Your assignment — The result should be an exact copy of the data, free of pictures.

Input data —
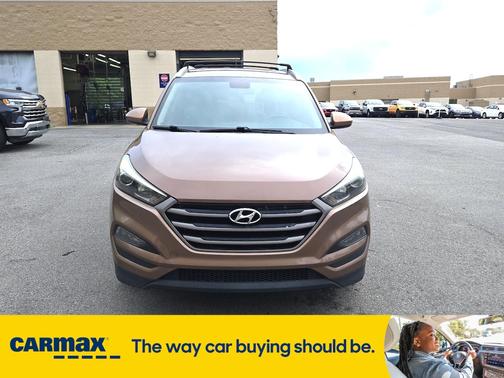 2016 Hyundai TUCSON SE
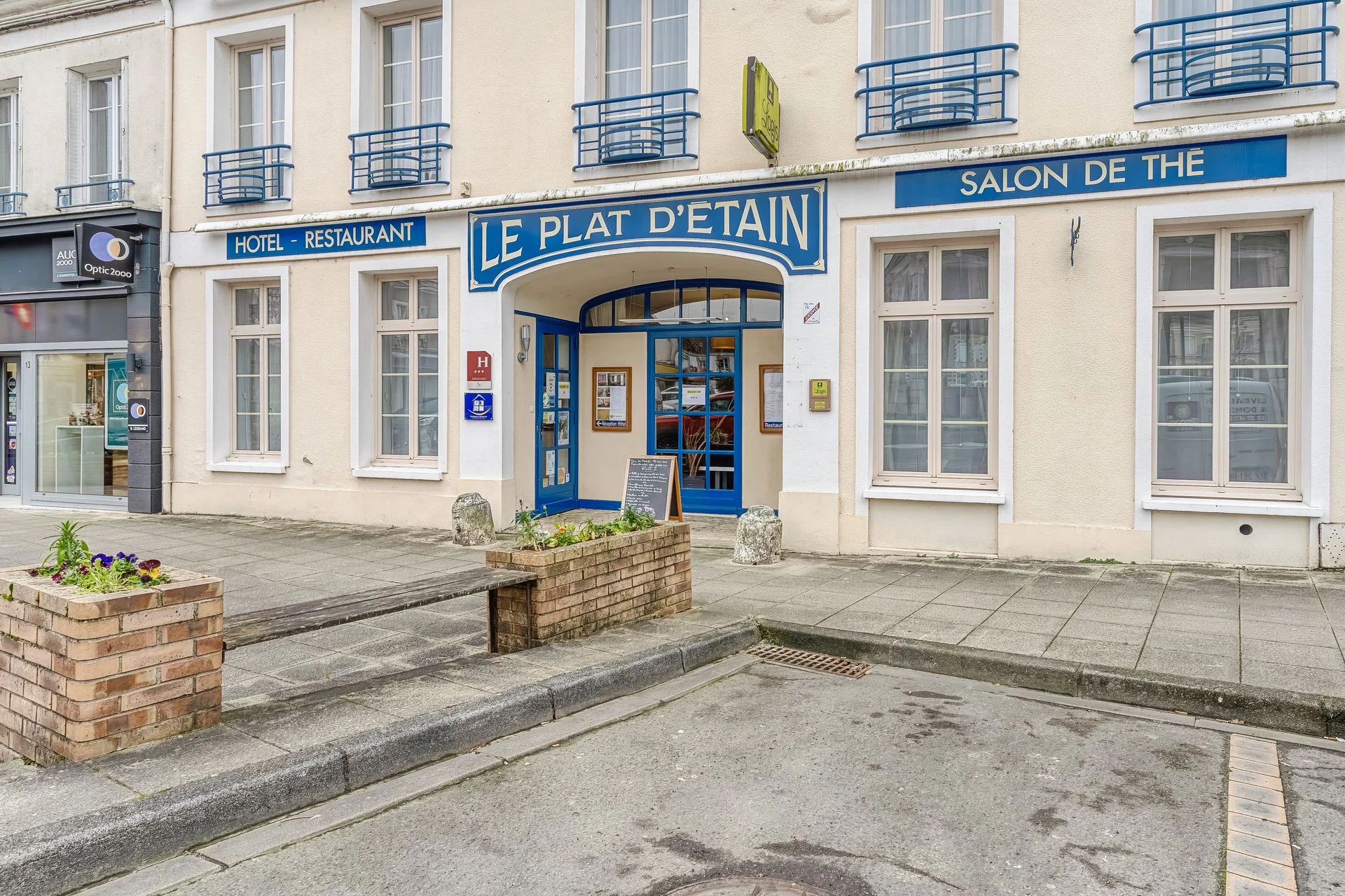 Le Plat D' Etain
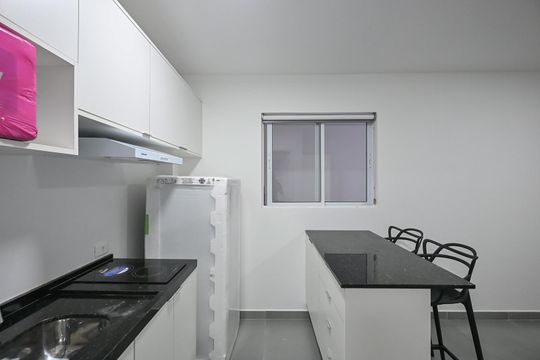 Cozinha de apartamento para alugar com 1 quarto, 27m² em Ferreira, São Paulo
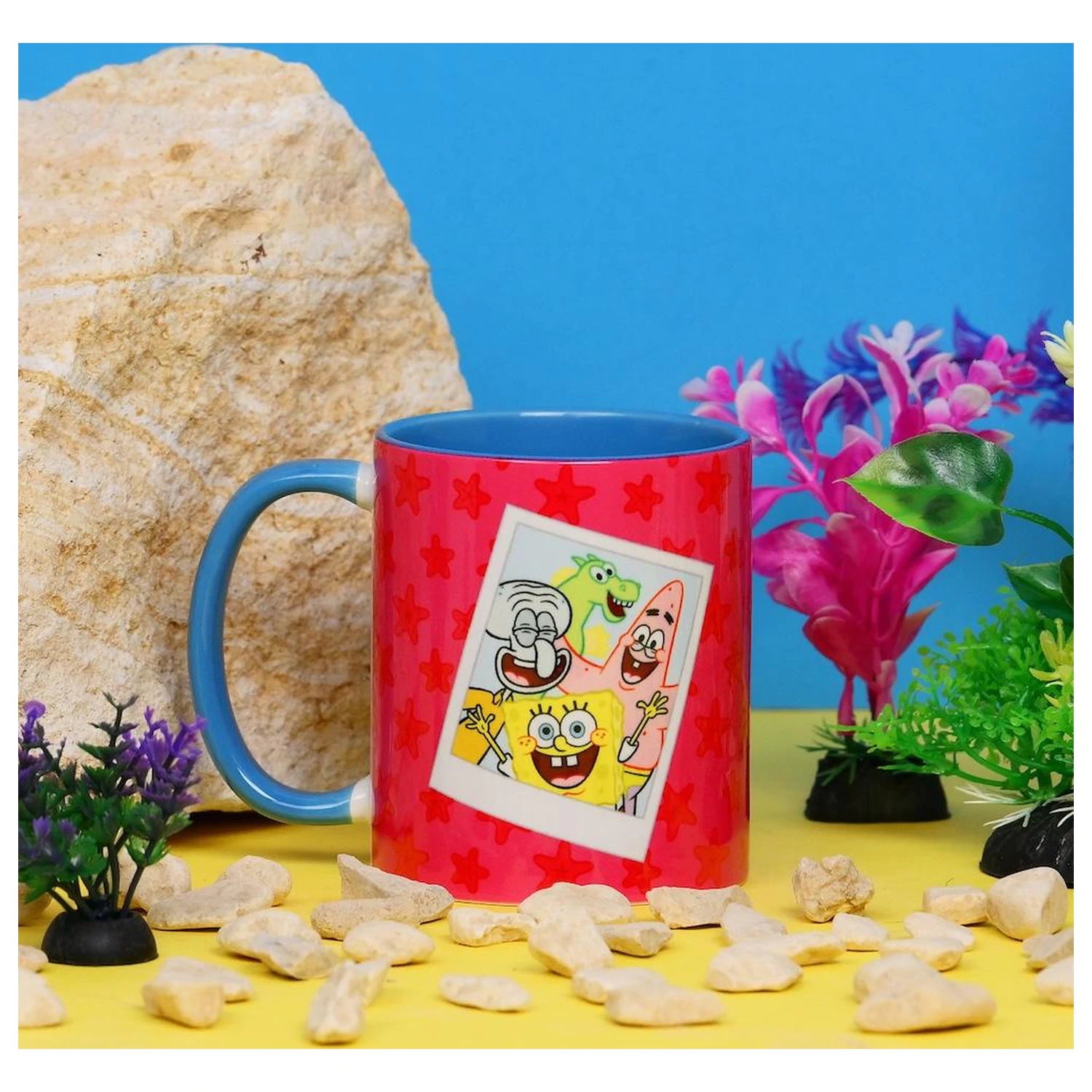 SpongeBob Bikini Bottom Buddies šalica u boji iznutra 325 ml fotografija proizvoda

Solution to the problem —
 2016 Hyundai TUCSON SE
 Le Plat D' Etain
 Cozinha de apartamento para alugar com 1 quarto, 27m² em Ferreira, São Paulo
 SpongeBob Bikini Bottom Buddies šalica u boji iznutra 325 ml fotografija proizvoda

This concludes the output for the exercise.